Tattoo removal technology, while still painful, continues to advance.

Carmen Vanderheiden has been running a tattoo removal business in Boston since December, and in that time, she has zapped away lots of ink on the lower backs of Hub dwellers.

“The old tramp stamp — it was coined that name — I see a lot of those. A lot of names, too,” she said, gearing up to meet with a client at her Newbury Street headquarters.

Vanderheiden, owner of Tataway, has one of the only advanced laser devices specific to tattoo removal in the Boston area, she said.

The “PhotoAcoustic Technology” which penetrates the skin and targets each ink color with specific wavelengths, causes tattoos to fade.

It also lets Vanderheiden attack the once permanent markings in several sessions with less scarring or pigment changes than typical machines leave behind.

But it doesn’t mean it isn’t painful.

“Oh my God,” said a 20-year-old female client, who didn’t want to give her name. “It feels like splats of oil.”

Laying on her stomach, the client let out shrill chirps as the laser, which sounds like a bug-zapper, danced along her lower back where the name of an ex-lover was scrawled in perfect cursive.

“I got it a year ago,” she said, gripping the sides of her chair. “He kind of talked me into it.”

The client’s advice?

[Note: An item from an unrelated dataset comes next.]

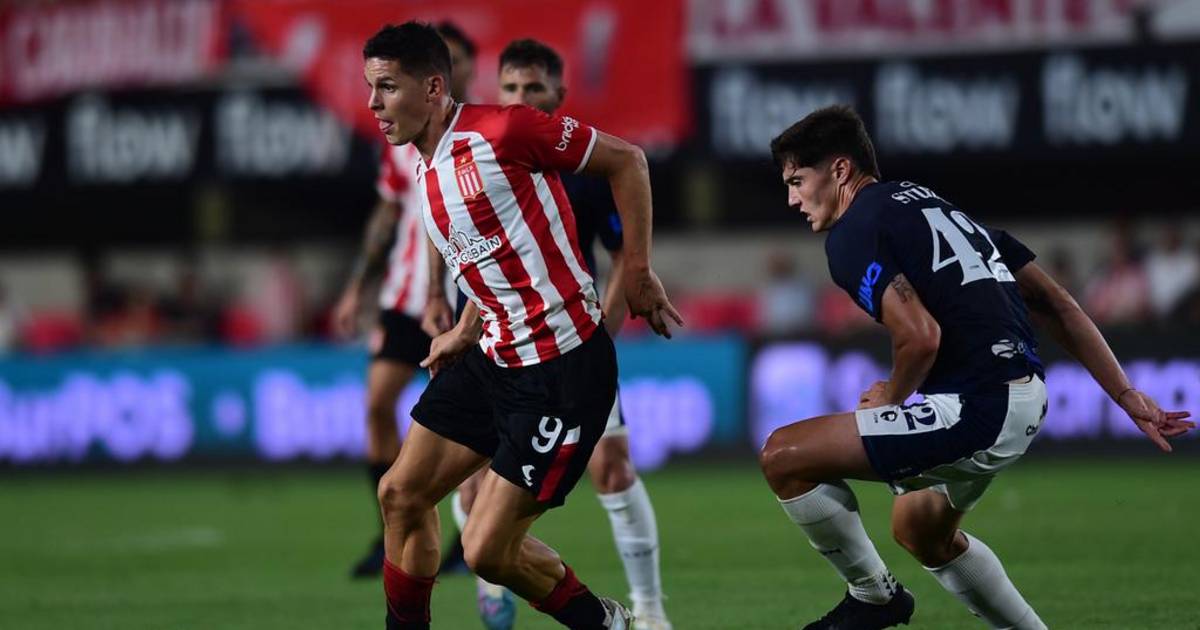 El Pincha arrancará el semestre con una final | El Dia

Never get a tattoo you may regret.

“It’s not worth it,” she said, after her first 10-minute session with Vanderheiden.

Artist Markus Anacki, who works at Kaleidoscope Tattoo in Cambridge, agreed.

According to Anacki, more people come to the shop than ever for coverup tattoos after getting homemade ones blotted in their skin.

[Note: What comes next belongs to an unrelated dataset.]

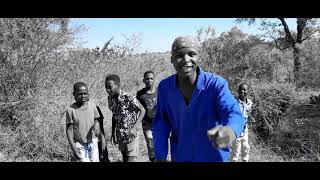 Tysono  Fvck Tsonga Rap Official Video [upl. by Notyarb109]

“When you tell someone you can’t cover it and it has to be lasered, they think it’ll cost a fortune, so a lot of people will either live with a tattoo they don’t like, or try and do a coverup,” he said.

When it comes to getting something permanently etched in your skin, you may want to think hard before the needle hits your body.

According to Anacki, people shouldn’t be getting tattooed with the notion they can one day remove it because technology is advancing.

“Getting a tattoo, that’s the whole point, you should know what you’re getting into and get something you know you won’t mind having on you for the rest of your life,” he said.

According to Anacki, specialized ink that breaks up easier under lasers was introduced years back, but many artists were against it because it defeated the purpose of the art form.

“As an artist, I hope people don’t think that way,” he said.